Según su opinión, pedir perdón es ponerse por debajo del otro, casi sufrir una
humillación.
Recuerdo también que, dando clases de negociación a un grupo
de directivos brasileños, quedaron horrorizados al sugerirles que, para
resolver el juego de rol en que participaban, debían excusarse ante la otra
parte por los errores cometidos. “En nuestro país –me espetaron- un jefe jamás
pide perdón ante un subordinado”. Quedé atónito.
Parece pues que, según algunas personas, primero va la
jerarquía y luego la buena educación. Según éstas, un jefe debe demostrar
siempre que lo es, incluso cuando se equivoca gravemente.
Imaginemos, por ejemplo, que un jefe puentea a su
colaborador y no le informa de un hecho importante. El puenteado, por tanto,
puede quedar en evidencia ante sus colaboradores respectivos y perder parte de
su autoridad. Si esto sucediera, ¿sería aconsejable que el jefe puenteador
pidiera excusas al colaborador puenteado?
Antes que jefes (¡menuda obviedad!) somos personas. Y cuando
las personas cometemos errores, deberíamos disculparnos. Seamos brasileños,
tarragonenses o albanokosovares. Japoneses, birmanos o dominicanos. Faltaría
más.

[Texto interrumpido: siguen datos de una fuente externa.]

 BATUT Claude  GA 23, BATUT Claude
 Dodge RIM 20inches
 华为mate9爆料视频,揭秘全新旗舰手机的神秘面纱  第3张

La estupidez humana puede, en efecto, llegar hasta límites sorprendentes.
Suponer que la jerarquía nos exime de ser educados y respetuosos con los demás
es el colmo de la soberbia y el egocentrismo.
Porque saber pedir perdón, lejos de disminuir nuestro
prestigio, lo aumenta. Comunicamos a los demás que somos humanos, falibles,
imperfectos. Que hemos tenido un mal momento pero que sabemos rectificar. Que,
más allá de los organigramas y las jerarquías, hay vida en las empresas.
Saber pedir perdón es un arte. Debería enseñarse en la
escuela. Nos ayudaría a desprendernos de ese ego maligno que invade nuestra
consciencia. Pedir perdón nos humaniza, nos hace mejores, permite que la
autenticidad emocional pase por encima de las formalidades artificiosas que
todavía subsisten en muchas organizaciones.
Frases como “lo siento, me equivoqué. No te preocupes, no
volverá a suceder. Te ruego me perdones” deberían escucharse más a menudo. La
auténtica madurez de un directivo se da cuando somos capaces de pronunciar frases
como esa y no perder ni un ápice de nuestra autoridad y capacidad de liderazgo.
Porque liderar es eso: estar a la misma altura que los demás, reconociendo
nuestros errores y nuestras flaquezas si es necesario.
Lejos de hacernos sentir culpables, reconocer los errores y
pedir perdón nos acerca al olimpo de los dioses. En los tiempos líquidos que
nos toca vivir necesitamos jefes de verdad, no de plástico.